Por te tratar de uma adaptação “teen”, é irônico perceber a ausência dos principais adereços chamativos ao público, não há muita ação e tão pouco romance distópico, se tenta substituir por pitadas de reflexão e filosofia, sendo isto ser o último para quem vai buscar o longa-metragem. Infelizmente, passa a ser perceptível que a argumentação e sua execução foram comprometidas visando se adaptar ao nível de tal público alvo, aqueles que valorizam o gigantismo visual acompanhado com nanismo de ideias. É lamentável as concessões feitas pelo diretor Phillip Noyce, o que me faz crer: se fosse um filme independente, sem compromisso com o lucro, teríamos o Fahrenhet 451 (1966, François Truffaut) da década.
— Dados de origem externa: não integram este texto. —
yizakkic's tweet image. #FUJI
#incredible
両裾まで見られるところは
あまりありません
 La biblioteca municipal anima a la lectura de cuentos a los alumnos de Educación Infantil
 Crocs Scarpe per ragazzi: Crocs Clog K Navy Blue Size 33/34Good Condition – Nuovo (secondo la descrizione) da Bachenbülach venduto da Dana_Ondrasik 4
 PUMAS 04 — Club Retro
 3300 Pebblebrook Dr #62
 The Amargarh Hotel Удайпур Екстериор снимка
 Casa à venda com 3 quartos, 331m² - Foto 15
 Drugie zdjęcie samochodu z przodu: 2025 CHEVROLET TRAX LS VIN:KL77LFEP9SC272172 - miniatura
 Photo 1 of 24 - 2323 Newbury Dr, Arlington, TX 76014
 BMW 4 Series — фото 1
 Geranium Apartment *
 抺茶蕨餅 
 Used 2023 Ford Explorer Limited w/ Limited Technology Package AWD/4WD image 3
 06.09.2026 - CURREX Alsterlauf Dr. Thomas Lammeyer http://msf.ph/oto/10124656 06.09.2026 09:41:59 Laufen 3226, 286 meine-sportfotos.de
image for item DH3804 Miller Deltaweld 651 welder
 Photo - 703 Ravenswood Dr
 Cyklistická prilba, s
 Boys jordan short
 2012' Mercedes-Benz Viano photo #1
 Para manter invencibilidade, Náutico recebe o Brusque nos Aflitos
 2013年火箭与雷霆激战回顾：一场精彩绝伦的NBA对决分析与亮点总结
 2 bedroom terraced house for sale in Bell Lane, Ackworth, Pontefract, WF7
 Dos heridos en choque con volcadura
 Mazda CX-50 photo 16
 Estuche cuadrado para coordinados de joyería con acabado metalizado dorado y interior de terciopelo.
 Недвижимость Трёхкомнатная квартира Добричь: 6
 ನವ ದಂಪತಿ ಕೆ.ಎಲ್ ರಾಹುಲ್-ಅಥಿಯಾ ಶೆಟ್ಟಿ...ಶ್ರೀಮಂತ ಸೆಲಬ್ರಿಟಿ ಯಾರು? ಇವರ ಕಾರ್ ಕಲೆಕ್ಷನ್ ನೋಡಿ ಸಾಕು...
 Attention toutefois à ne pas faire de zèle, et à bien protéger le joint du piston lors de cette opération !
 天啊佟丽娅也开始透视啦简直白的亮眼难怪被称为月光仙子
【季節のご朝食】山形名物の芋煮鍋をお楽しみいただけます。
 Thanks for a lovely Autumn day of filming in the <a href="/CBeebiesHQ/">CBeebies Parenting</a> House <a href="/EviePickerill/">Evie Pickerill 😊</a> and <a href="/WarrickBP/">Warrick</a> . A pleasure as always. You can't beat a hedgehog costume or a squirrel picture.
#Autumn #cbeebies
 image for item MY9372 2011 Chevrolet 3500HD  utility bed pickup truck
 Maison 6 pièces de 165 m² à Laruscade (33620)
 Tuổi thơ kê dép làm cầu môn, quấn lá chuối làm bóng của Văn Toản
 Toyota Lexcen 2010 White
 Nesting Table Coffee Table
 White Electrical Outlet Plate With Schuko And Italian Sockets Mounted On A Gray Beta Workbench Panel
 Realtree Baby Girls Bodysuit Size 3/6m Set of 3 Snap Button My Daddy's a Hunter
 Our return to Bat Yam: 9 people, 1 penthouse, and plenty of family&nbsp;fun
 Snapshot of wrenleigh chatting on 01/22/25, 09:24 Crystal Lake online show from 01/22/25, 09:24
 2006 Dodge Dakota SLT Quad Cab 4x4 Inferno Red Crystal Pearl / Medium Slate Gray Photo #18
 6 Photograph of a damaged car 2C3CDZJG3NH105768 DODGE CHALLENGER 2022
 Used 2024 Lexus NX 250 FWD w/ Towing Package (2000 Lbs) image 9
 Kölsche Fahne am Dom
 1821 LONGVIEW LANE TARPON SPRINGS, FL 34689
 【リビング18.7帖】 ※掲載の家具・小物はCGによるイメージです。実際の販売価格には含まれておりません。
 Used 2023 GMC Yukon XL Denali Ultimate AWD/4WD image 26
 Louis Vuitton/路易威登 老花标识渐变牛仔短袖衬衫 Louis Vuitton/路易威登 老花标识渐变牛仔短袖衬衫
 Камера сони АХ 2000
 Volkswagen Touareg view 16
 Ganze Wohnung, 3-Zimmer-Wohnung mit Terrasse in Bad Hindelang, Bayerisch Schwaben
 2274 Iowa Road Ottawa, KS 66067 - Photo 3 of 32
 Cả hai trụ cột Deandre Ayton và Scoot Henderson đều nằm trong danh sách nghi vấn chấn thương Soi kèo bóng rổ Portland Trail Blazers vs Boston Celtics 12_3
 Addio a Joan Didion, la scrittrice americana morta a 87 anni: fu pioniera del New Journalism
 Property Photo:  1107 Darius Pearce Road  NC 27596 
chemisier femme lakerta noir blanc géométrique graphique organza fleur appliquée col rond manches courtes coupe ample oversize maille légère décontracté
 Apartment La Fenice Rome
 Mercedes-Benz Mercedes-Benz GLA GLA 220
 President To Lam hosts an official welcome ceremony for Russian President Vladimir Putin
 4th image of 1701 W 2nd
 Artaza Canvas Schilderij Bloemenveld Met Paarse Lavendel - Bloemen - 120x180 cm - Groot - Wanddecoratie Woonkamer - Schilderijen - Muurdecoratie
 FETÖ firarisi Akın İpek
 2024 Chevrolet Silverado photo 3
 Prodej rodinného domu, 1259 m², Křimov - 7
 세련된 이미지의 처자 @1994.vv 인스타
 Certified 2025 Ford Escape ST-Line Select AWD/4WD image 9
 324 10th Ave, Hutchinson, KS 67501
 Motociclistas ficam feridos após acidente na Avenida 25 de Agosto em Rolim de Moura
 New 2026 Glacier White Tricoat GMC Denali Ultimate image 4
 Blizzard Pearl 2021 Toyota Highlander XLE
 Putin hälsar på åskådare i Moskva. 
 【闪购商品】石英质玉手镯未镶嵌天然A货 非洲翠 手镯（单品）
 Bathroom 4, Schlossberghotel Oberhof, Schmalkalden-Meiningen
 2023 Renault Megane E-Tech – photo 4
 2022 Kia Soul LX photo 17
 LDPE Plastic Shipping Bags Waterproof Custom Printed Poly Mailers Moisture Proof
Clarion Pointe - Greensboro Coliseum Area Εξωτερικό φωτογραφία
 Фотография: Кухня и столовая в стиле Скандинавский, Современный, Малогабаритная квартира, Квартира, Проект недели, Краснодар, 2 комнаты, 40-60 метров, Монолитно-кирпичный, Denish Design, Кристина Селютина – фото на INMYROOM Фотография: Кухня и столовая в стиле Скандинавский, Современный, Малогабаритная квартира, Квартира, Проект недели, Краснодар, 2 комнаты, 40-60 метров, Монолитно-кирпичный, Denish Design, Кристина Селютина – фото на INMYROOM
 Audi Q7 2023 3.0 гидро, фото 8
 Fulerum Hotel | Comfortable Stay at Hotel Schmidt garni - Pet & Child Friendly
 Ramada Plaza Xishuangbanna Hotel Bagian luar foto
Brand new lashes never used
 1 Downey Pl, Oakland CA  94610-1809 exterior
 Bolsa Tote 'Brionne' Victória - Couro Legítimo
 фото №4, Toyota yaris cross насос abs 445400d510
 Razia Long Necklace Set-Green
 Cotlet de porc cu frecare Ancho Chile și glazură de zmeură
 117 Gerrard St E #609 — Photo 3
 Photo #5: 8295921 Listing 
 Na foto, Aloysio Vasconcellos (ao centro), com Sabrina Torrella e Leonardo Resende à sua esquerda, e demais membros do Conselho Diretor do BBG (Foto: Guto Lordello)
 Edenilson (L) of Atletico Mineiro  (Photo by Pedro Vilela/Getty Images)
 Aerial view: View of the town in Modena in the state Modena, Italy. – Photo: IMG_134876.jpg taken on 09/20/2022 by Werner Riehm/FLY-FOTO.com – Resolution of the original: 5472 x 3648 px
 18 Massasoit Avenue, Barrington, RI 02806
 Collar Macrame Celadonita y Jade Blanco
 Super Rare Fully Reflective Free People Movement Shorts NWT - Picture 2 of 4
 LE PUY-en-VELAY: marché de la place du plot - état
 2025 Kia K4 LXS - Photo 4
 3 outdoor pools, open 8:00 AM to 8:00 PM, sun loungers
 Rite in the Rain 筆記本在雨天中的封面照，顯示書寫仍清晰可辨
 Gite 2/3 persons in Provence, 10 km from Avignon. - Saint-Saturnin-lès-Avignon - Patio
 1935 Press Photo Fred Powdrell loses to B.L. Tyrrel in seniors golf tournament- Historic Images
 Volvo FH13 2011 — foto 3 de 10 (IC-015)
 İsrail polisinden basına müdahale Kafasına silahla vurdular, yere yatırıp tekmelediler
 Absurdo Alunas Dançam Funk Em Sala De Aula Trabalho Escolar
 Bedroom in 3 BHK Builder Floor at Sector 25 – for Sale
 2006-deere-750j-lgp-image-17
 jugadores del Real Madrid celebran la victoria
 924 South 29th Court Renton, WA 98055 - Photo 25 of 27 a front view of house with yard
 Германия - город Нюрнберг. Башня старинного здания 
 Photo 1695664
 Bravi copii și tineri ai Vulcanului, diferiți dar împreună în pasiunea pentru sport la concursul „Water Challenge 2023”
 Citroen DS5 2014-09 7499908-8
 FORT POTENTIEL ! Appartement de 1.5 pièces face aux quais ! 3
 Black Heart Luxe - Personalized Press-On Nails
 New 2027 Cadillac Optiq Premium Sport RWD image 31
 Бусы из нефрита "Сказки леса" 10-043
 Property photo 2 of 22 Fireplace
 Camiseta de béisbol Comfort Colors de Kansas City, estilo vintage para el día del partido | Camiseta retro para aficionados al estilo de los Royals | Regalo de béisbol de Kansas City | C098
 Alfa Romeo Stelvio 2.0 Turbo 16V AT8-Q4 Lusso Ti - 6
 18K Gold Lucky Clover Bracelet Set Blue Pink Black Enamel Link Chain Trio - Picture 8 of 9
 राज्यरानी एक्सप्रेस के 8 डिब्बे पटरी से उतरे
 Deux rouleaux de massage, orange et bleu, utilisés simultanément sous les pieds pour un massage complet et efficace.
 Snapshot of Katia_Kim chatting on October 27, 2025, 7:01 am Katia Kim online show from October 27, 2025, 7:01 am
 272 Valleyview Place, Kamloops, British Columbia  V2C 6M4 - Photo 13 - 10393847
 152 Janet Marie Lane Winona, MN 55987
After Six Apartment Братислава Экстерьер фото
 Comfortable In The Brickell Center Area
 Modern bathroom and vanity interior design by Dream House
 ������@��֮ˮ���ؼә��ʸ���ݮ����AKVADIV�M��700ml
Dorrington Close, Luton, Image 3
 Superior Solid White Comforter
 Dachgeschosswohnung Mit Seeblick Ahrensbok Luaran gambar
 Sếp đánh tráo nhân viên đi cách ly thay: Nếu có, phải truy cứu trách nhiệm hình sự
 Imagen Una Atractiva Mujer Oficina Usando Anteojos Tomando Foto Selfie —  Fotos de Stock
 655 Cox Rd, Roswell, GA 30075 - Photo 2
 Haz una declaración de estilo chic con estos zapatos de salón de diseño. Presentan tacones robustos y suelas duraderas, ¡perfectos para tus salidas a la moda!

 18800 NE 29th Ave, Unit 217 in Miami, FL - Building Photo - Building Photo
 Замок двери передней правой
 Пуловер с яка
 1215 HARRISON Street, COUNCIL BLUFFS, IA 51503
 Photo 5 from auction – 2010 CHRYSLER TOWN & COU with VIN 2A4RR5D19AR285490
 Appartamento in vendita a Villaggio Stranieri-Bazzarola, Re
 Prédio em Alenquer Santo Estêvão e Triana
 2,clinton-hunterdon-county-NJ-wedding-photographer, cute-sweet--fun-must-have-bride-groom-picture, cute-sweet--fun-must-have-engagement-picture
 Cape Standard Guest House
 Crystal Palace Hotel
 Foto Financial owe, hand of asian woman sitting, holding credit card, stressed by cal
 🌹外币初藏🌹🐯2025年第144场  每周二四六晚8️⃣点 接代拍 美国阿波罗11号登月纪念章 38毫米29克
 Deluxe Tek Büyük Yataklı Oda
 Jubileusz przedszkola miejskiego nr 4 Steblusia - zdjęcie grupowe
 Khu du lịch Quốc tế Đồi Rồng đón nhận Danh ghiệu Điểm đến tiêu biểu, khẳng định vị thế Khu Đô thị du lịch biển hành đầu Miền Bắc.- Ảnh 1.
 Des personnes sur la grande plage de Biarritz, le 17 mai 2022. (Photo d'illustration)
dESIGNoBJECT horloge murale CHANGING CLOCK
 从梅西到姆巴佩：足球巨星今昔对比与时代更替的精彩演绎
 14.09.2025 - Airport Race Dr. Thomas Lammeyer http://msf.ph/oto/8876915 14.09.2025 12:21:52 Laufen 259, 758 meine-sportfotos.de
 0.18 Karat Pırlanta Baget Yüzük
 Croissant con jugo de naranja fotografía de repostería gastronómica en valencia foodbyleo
Porém, não deixa de ser mais um caso da mercantilização do cinema- cultura de massa, em geral-, prejudicando sua qualidade. É a oportunidade perdida de refletir sobre parâmetros sociais regentes, permitindo muitas vezes a ascensão de regimes ditatórias, passando a ser fundamental conhecermos o passado antes de seguir em frente, sem nunca rescreve-lo.
Outra ironia dada pelo longa é ajudar na manutenção justamente daquilo que crítica, de uma sociedade engessada e sem autocrítica. Contudo é um constatação que apenas poucos irão perceber, visto a vastidão de pessoas com pretensão de assistir ao filme com objetivo de assistir 5 minutos da cantora Taylor Swift fazendo caretas e tentando atuar. É, não deixa de ser uma distopia, resta aguardarmos a próxima.